Title: The Man
Who Laughs
Author: Victor
Hugo
Pages: 672
pages
Genre:
Historical Fiction
Jadi, di akhir tahun 2019, saya membaca sebuah novel
bersetting kerajaan Inggris dan Perancis karya penulis Victor Hugo. Keinginan
membaca novel ini muncul saat Kyuhyun diumumkan bergabung dalam musikal yang berjudul sama. Membaca sinopsisnya yang menarik, saya mencoba mencari bukunya
di beberapa situs buku online. Hasilnya? Nihil. Sempat putus asa, akhirnya saya
menemukan e-booknya. Butuh 18 hari untuk menuntaskan buku ini dengan resiko
mata berair karena membaca menggunakan gadget. But, it’s okay. The story will not disappoint you.
Jadi tentang apa
sih “The Man Who Laughs” ini?
Tokoh utama dalam buku ini adalah Gwynplaine. Di umur
10 tahun, Gwynplaine kecil dibuang oleh sekelompok pelaut tempatnya bekerja.
Gwynplaine sendiri tidak mengetahui mengapa dia bisa bekerja di sana dan alasan
mereka membuangnya. Gwynplaine kecil ditinggalkan di sebuah daerah tanpa
penghuni pada malam musim dingin yang sangat gelap. Ia berjalan tanpa alas kaki
dan dengan pakaian kurang layak yang menempel di badannya. Dalam perjalanannya
yang tak tentu arah, Gwynplaine menemukan mayat seorang wanita yang meninggal
karena hipotermia. Tak disangka, wanita tersebut sedang memeluk bayi
perempuannya. Gwynplaine kecil yang baik hati menyelamatkan bayi tersebut dan
membawanya ke tempat yang ia pun tak tahu akan ke mana. Perjalanan panjang dan
melelahkan itu berakhir ketika Gwynplaine bertemu dengan seorang filosofer
dan mountebank bernama Ursus. Ursus
yang hanya tinggal bersama serigalanya, Homo, menolong dan membesarkan kedua
anak itu. Saat itu Ursus menyadari bahwa anak laki-laki yang ditolongnya nampak tertawa dan bayi perempuan yang dibawanya buta. Apakah anak laki-laki itu tertawa karena bahagia? Tidak. Ia tidak tertawa. Gwynplaine pun tidak mengerti mengapa ia memiliki bekas luka yang memberikan garis tawa di mulutnya.

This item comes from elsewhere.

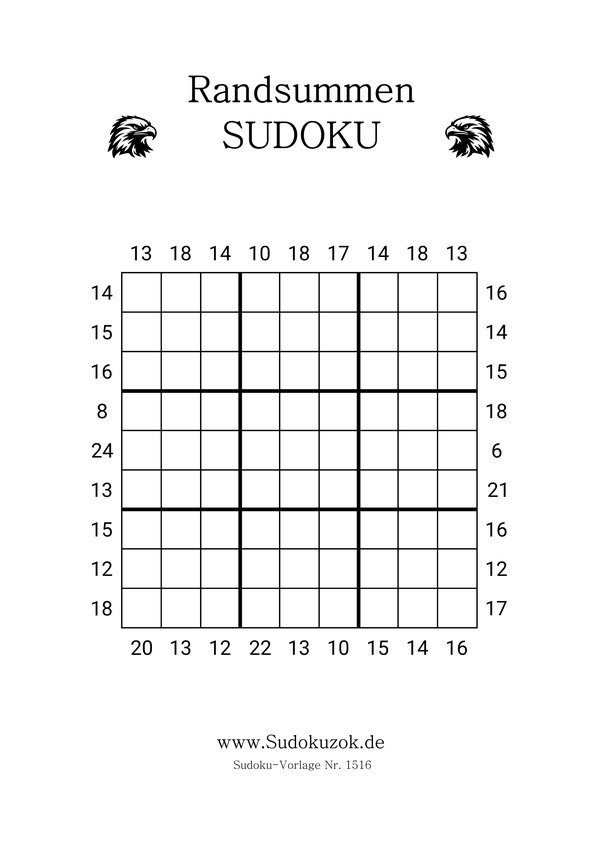 Randsummen Sudoku PDF Vorlage drucken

Buku ini menceritakan bagaimana Gwynplaine yang telah
dewasa mengkritik pemerintah melalui penampilannya sebagai mountebank bersama Ursus dan Dea (bayi yang ditolongnya dulu). Wajahnya
yang selalu nampak tertawa menjadi salah satu daya tarik Gwynplaine sehingga
banyak yang datang untuk menyaksikan penampilannya, dari kalangan bawah hingga
bangsawan. Untuk menghindari spoiler, saya tidak akan menceritakan dengan
lengkap. Ada satu hal yang membuat Gwynplaine akhirnya mengetahui asal-asulnya
dan mengapa wajahnya berbeda. Pada titik itu, hidup Gwynplaine berubah 180
derajat. Apakah Gwynplaine bahagia seperti wajahnya yang selalu nampak tertawa?
Siapa Gwynplaine sebenarnya? Silahkan baca bukunya.
How I feel?
Saat membaca buku ini, perasaan saya bercampur-aduk. Ada
kalanya saya sedih, lalu bahagia, merasa hangat, merasa sepi, tapi di saat
bersamaan saya merasa sangat kagum dengan penulisnya. Banyak kritik sosial yang
terkandung dalam buku ini yang tentu sangat relevan pada masa itu. Hebatnya,
hal itu masih sering kita temui di masa sekarang.
Di awal buku saya merasakan penderitaan Gwynplaine
yang terlantar di tengah musim dingin. Di pertengahan, saya merasakan semangat seorang
pemuda yang membara. Hampir menuju akhir, saya merasakan kesedihan saat
ditinggalkan orang yang kita sayangi. Di bagian akhir, saya merasakan amarah rakyat
jelata yang tertindas oleh peraturan yang dibuat hanya untuk kepentingan para
bangsawan.
Jujur, setiap kali tokoh Gwynplaine mengemukakan
pemikirannya kepada para bangsawan yang semena-mena, saya merinding. Kalimat yang
disusun oleh penulisnya sangat powerful
namun tersirat keputusasaan. Kalimat tersebut sampai sekarang masih terngiang-ngiang
di pikiran saya saking berpengaruhnya, terutama di bab-bab terakhir novel ini.
Highlight?
Ada beberapa part yang sangat menancap di hati saya.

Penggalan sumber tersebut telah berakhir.